## Given data
§

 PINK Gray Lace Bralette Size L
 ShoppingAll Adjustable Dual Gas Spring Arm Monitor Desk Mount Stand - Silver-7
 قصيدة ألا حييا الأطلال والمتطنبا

§

## Task statement
Your job is to write out the data exactly as it stands.

## Exercise answer
 PINK Gray Lace Bralette Size L
 ShoppingAll Adjustable Dual Gas Spring Arm Monitor Desk Mount Stand - Silver-7
 قصيدة ألا حييا الأطلال والمتطنبا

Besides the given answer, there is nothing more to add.